With the pictures left out, output the records below exactly.

------------------------------------------------------------------------

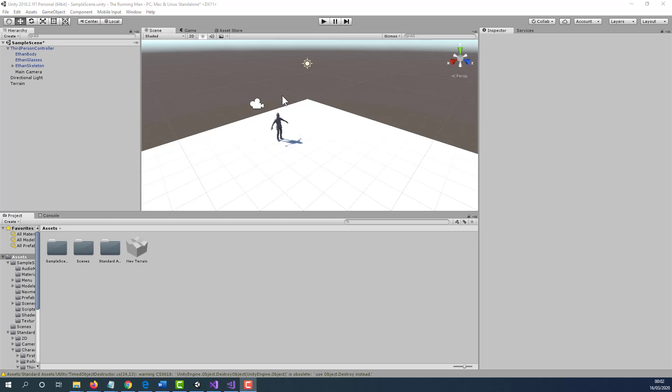Hello, my name is Ioannis. In this tutorial, I'm going to show you how to create collectibles using Unity 3D, and how to create a score where every time you collect a collectible, the score will be added.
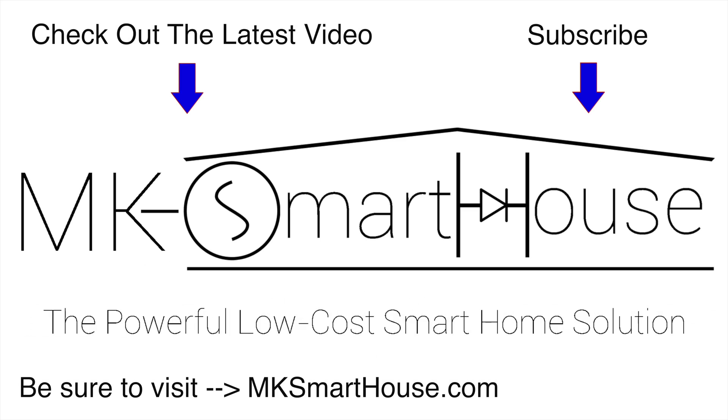Alright thank you for watching if you have any questions leave them in the comment section below or head over to the mksmarthouse.com/forum where you have a better chance of getting answered. Goodbye.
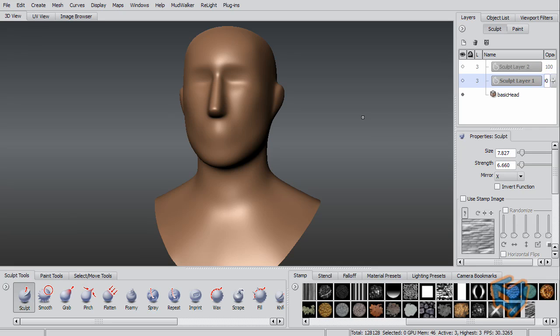Hello and welcome to this training session. My name is Ashraf Ayad and I'll be working with you today in What's New in Mudbox 2010.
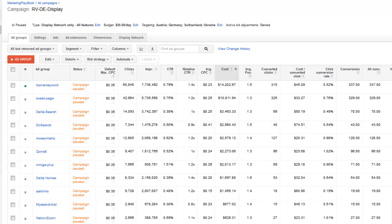Hi, this is Jacob with MarketingPlaybook.co and today we're going to be covering GDN quality score, a look at relative click-through rate.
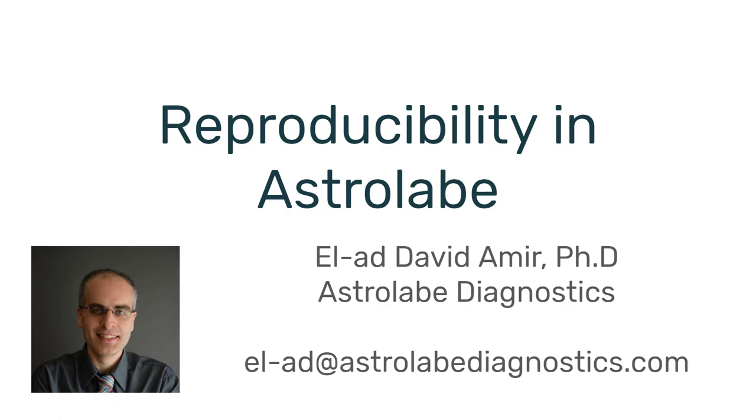I would encourage you to reach out to us at Astrolabe and see whether our platform can work with your data. Because the standardization that we bring to the table could be highly beneficial in the kind of studies that I portrayed. So with that, I will thank you for your time and have a wonderful day.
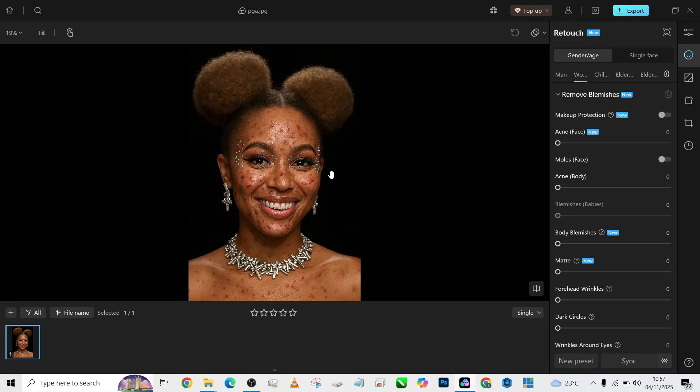Hello guys, welcome back to Photographics Academy. I'm going to be using Kumu to retouch this picture and see how much we can be able to do with it.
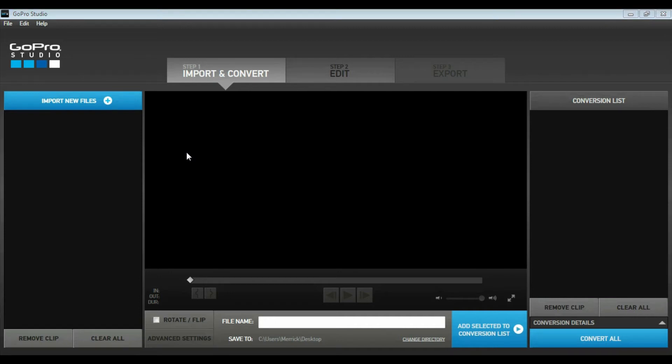Hello everyone. In this video I'm going to show you how to use GoPro Studio to import your GoPro photos from your timelapse and create an actual workable movie you can use in Premiere, Avid, or Final Cut Pro. First thing you want to do is connect your GoPro to your computer and export all of your photos from your timelapse into one single folder on your desktop.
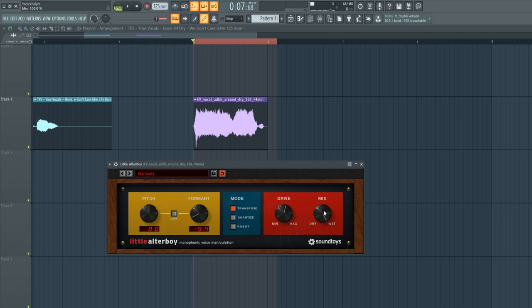Then the last thing I'm going to show you is this mix knob, which you can use to change the dry and wet signal of the sound. So if I want it to be less distorted or a little bit less formant shifting, you can just slide down this knob.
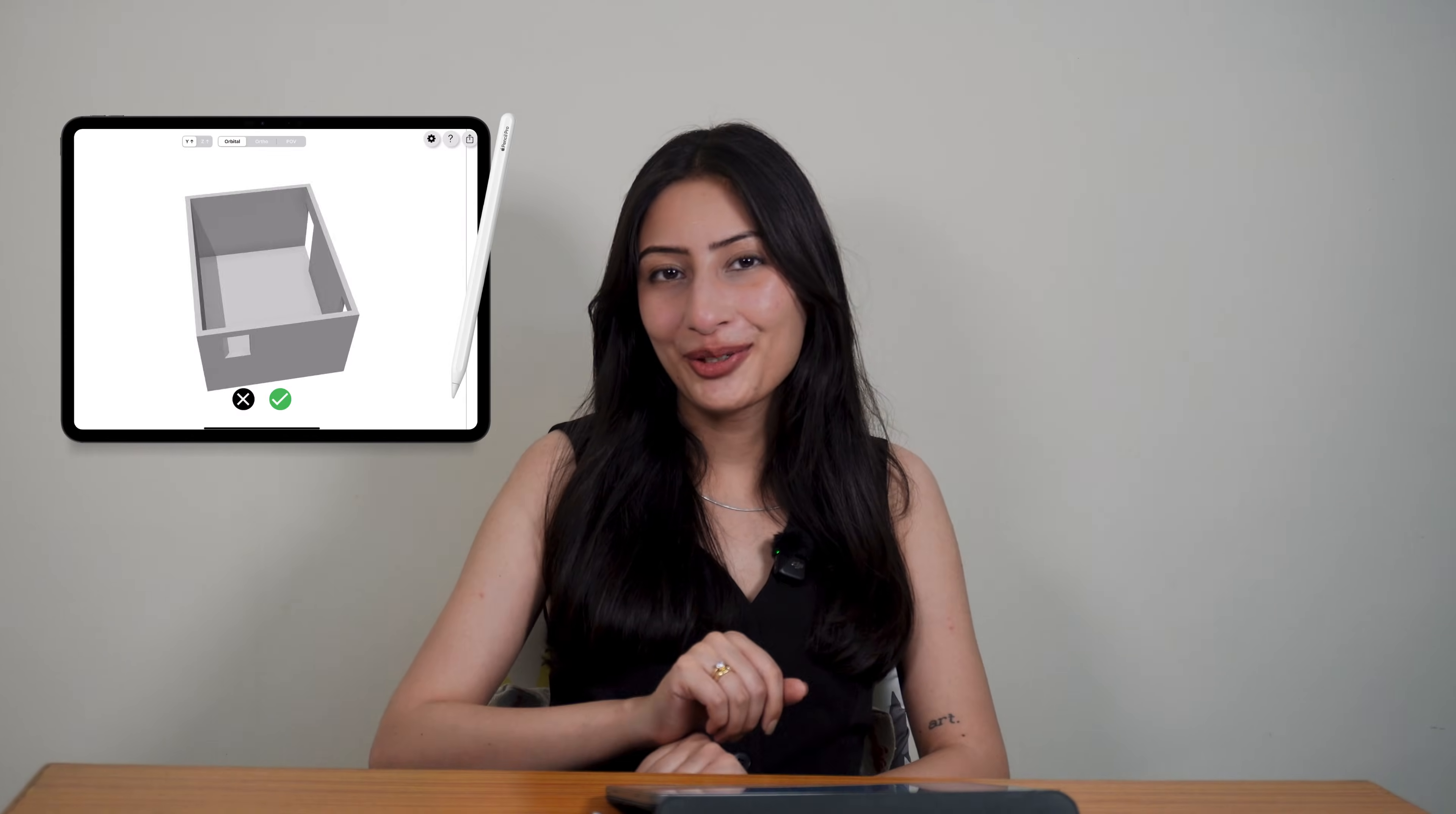People often ask me what can your iPad really do and which apps do I use. Well, recently I got this exciting project to design a small Airbnb, and today I was heading to the site to take all the measurements before starting the designing process. I thought that would be a great opportunity to take you guys along with me.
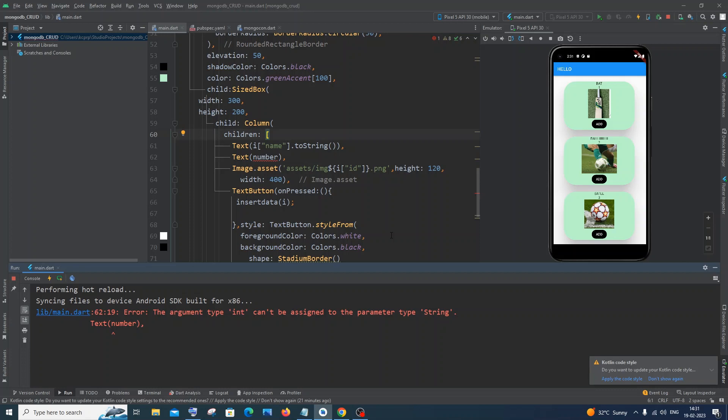Hi everyone, in this video I'll be showing you how to solve the error: The argument type int can't be assigned to the parameter type string in Flutter. So let's get started.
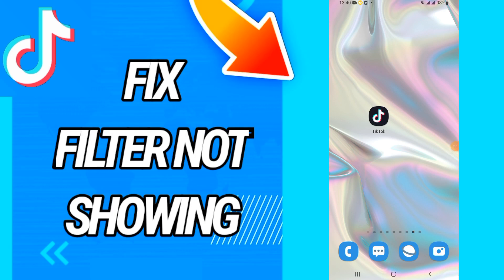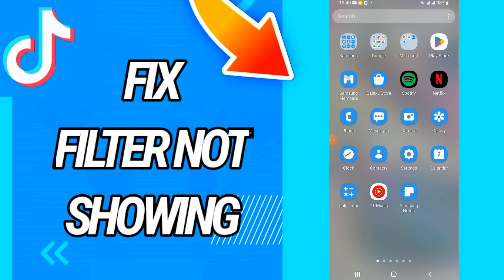How to fix TikTok filter not showing on TikTok. Today guys, I have the solution on how to fix and solve this problem. Just watch this video until the end. So let's start.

------------------------------------------------------------------------

Solution to the exercise:
Hello, my name is Ioannis. In this tutorial, I'm going to show you how to create collectibles using Unity 3D, and how to create a score where every time you collect a collectible, the score will be added.
Alright thank you for watching if you have any questions leave them in the comment section below or head over to the mksmarthouse.com/forum where you have a better chance of getting answered. Goodbye.
Hello and welcome to this training session. My name is Ashraf Ayad and I'll be working with you today in What's New in Mudbox 2010.
Hi, this is Jacob with MarketingPlaybook.co and today we're going to be covering GDN quality score, a look at relative click-through rate.
I would encourage you to reach out to us at Astrolabe and see whether our platform can work with your data. Because the standardization that we bring to the table could be highly beneficial in the kind of studies that I portrayed. So with that, I will thank you for your time and have a wonderful day.
Hello guys, welcome back to Photographics Academy. I'm going to be using Kumu to retouch this picture and see how much we can be able to do with it.
Hello everyone. In this video I'm going to show you how to use GoPro Studio to import your GoPro photos from your timelapse and create an actual workable movie you can use in Premiere, Avid, or Final Cut Pro. First thing you want to do is connect your GoPro to your computer and export all of your photos from your timelapse into one single folder on your desktop.
Then the last thing I'm going to show you is this mix knob, which you can use to change the dry and wet signal of the sound. So if I want it to be less distorted or a little bit less formant shifting, you can just slide down this knob.
People often ask me what can your iPad really do and which apps do I use. Well, recently I got this exciting project to design a small Airbnb, and today I was heading to the site to take all the measurements before starting the designing process. I thought that would be a great opportunity to take you guys along with me.
Hi everyone, in this video I'll be showing you how to solve the error: The argument type int can't be assigned to the parameter type string in Flutter. So let's get started.
How to fix TikTok filter not showing on TikTok. Today guys, I have the solution on how to fix and solve this problem. Just watch this video until the end. So let's start.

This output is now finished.